A core question that should be addressed is, with these types of statements, are true and false the only options, or can the option, as you note in your note, the concept of something being meaningless, also apply? Can one ask: "is the smell of blue anything other than C sharp?" A question which, if some of the parts are swapped out, makes sense, but with the parts as arranged, doesn't. "Have you stopped performing activity A" is another, because both true and false assume you have been performing activity A - you have to look at the structure itself, and note that one of its assumptions is false, rendering the question itself meaningless if the person hasn't done activity A. The, as Ted-ed puts it, "Three Alien Overlords" puzzle, allows for questions to be embedded within other questions as a solution, allowing one to gain access to useful information even when one doesn't know the finer details of the embedded question. So does that also apply, and can we ask the question: "is the liar's paradox actually a logically sound and/or valid question?", in the same way one can ask: "is the question 'is the smell of blue anything other than C sharp?' a logically sound and/or valid question?"

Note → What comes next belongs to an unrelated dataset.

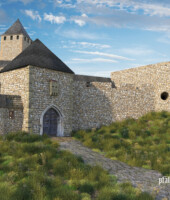 Zwischen dem Hufeisenturm und dem Torturm erstreckt sich ein etwa 8 Meter mächtiger Außenwall, der den geglätteten Fels vor der Burg mit einbezieht. Auf dem Wall befand sich vermutlich eine Plattform für Geschütze. Das sog. Erste Tor ist von der Entstehungs- geschichte betrachtet das jüngst der drei Burgtore. Es entstand bei den pfalzgräflichen Erweiterungen in der Mitte des 15. Jahrhunderts. Von der Außenseite betrachtet wirkt das Erste Tor massiv, es ist aber zur Burgseite hin offen. Lichtenberg Torhaus Erstes Tor 1620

Still the best approach to this is to consider Turing's solution to the Halting Problem (that is, proving that there is no such possible system), using the same logic as the liar paradox to show that such a machine cannot exist - the liar paradox demonstrated algorithmically. Still, I am not entirely convinced by Turing's argument, but it definitely seems to approach the same issue. If there is a solution to the Halting Problem, then it would likewise be a solution to the Liar's Paradox

(Also, complete side note, but do you think that the Plank of Carneades is a more strict form of the Famous Violinist question? That is, if you think that someone has committed murder in the Plank of Carneades, where your life is on the line, you agree that choosing to disconnect from the violinist is also murder, where only your convenience and comfort was?)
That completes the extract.